Skirmishes within churches are nothing new, and the one that occurred at 85 Amherst Street in 1899 was one for the books. St. John's Evangelical Church located was officially organized in 1851, and the present day building was built in 1890 (it appears that something has been chiseled off over the doorways, perhaps by a newer congregation, but I could be wrong).

Shortly thereafter is when things got interesting, to say the least. St. John's had been established by German immigrants and conducted services in German. However by the early 1900's the younger members wanted English language services. Reverend William Von Gerichten did not speak English. A schism soon developed.

The "Boxers" felt that since the pastor didn't speak English he should be paid less. The others disagreed. A meeting was scheduled to discuss the problem. The pastor's group barricaded the doors to keep the Boxers out. The police were called and during the excitement that followed the Boxers climbed in through a window, held the meeting, and voted to dismiss the pastor.

The pastor and his supporters built a new church at 70 Military, corner of Glor, not all that far away from their original house of worship. Architect W. S. Brickell designed the new Immanuel German Evangelical Church which was built in 1904. Four years later Von Gerichten died, and by 1915 English services were introduced.

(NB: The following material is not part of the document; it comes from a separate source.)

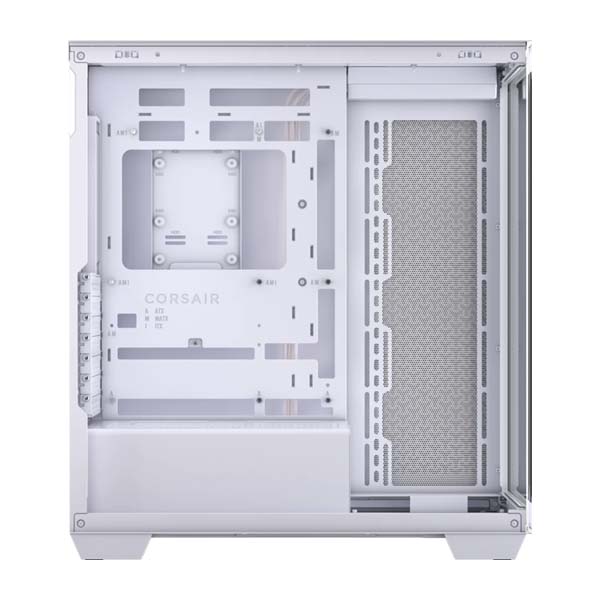 CORSAIR 3500X Mid Tower Case - White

Today the church building is maintained by the Theosophical Society. Although I had thought it sounded like a new age group, its origins can be traced back to 1875.

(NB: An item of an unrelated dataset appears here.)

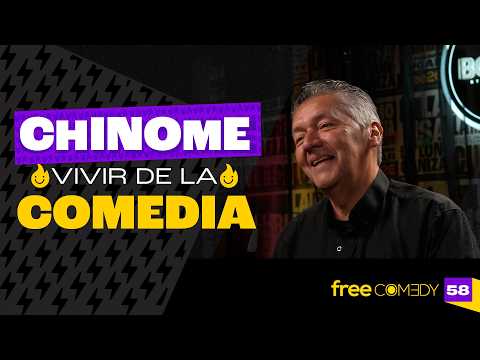CHINOME - vivir de la comedia | Free Comedy #58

From a survey of religious forces conducted in 1910 (using the results of censuses taken in 1890 and 1900):

"A circular, issued for the information of inquirers by the general secretary of the American section, states that the society is unsectarian and interferes with no person's religious belief. Another circular, entitled "An Epitome of Theosophy,"... states that some of the fundamental propositions of Theosophy, or " Wisdom Religion," are:

That the spirit in man is the only real and permanent portion of his being ; that between the spirit and the intellect is a " plane of consciousness in which experiences are noted," and that this spiritual nature is " as susceptible of culture as the body or intellect " ; that spiritual culture is only attainable as the grosser interests and passions of the flesh are subordinate ; that men, systematically trained,may, by their interior faculties, " attain to clear insight into the immaterial, spiritual world " ; that, as a result of this spiritual training, men become able to perform works usually called " miraculous."
Quite a change over the years. Somehow I think those who resisted English a hundred years ago would be astounded.